It started at a K-12 client of mine. The above error, at a random point in the OS WIM download during OSD. PXE boot, usb boot, didn’t matter. Sometimes you could try it again and it would work like a champ.
Further investigation into the logs showed that the task sequence would fail to download the file, retry, and fail again. Everything we looked at pointed to the network.
Then it happened at another client. Same issue, different network infrastructure. Still looked like a network issue. However, in troubleshooting, I noticed that if I ran a quick “wpeutil disablefirewall” on the client when the osd process started, it seemed to image successfully. A problem with the winpe 3 firewall? I couldn’t see how that would be the case. I considered modifying the task sequence to run that command first, disabling the firewall before anything else, but ultimately ran out of time at that client.
Finally it happened at an Enterprise client that had a great CCIE on staff. He came to me with issues of port flapping shortly after the imaging process started to fail. Some troubleshooting at the network level revealed that existing clients were in some cases trying to communicate with the MAC address of machines that were imaging. This was ultimately causing the switch to shut down the ‘rogue’ port for a period of time and bring it back online.
Some perusing around the Cisco forums led us to this gem:
If you don’t know about “Wake Up Proxy” and how it works, I suggest you go give it a read. It’s got great info.

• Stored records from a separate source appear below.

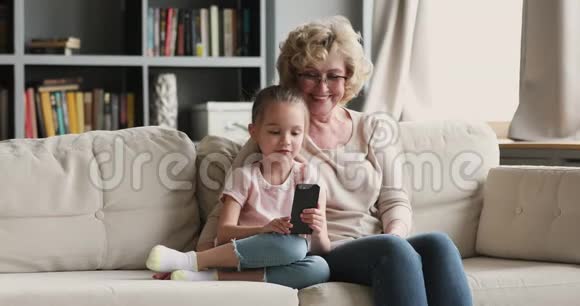 快乐的老奶奶和可爱的孙女在家里使用智能手机视频的预览图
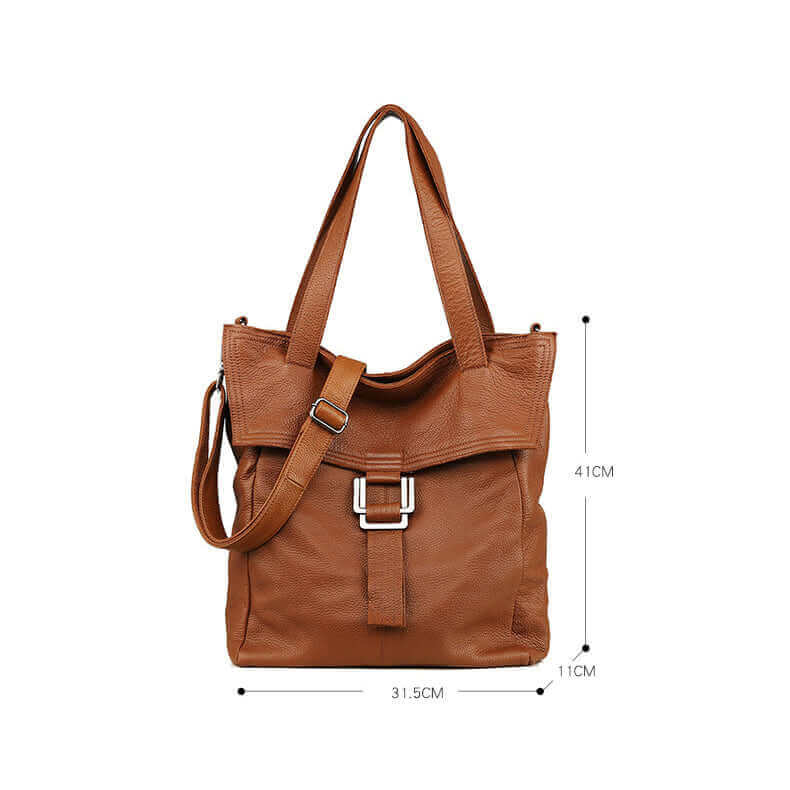 Brown leather shoulder bag with stylish buckle and adjustable strap.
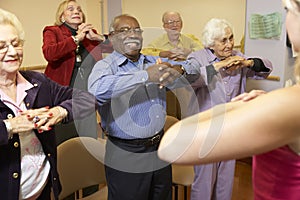 Senior adults in a stretching class photo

In short, what was happening was that when a machine “known” to sccm was reimaged, like we were doing dozens of times a day during the testing phase, one of the “subnet guardian” clients would decide that the machine being imaged must be asleep, since it could not ping it (WINPE Firewall). So the guardian machine would start to assume it’s MAC address. The important bits from the link:
“The redirection is achieved by the manager computer broadcasting an Ethernet frame that uses the sleeping computer’s MAC address as the source address. This makes the network switch behave as if the sleeping computer has moved to the same port that the manager computer is on. The manager computer also sends ARP packets for the sleeping computers to keep the entry fresh in the ARP cache. The manager computer will also respond to ARP requests on behalf of the sleeping computer and reply with the MAC address of the sleeping computer.”
Because the switch was actually receiving the same MAC on two different ports, it shut down the apparent ‘rogue’, causing the WIM download to error out (since it was the only thing big enough to be sensitive to the temporary port shutdowns, I assume).
Once we turned off “Wake Up Proxy” in the client settings and let that percolate to all of the clients, we were able to image again without issue. I assume that turning off the WINPE firewall at the beginning of the task sequence would also take care of it, but have not had a chance to test that.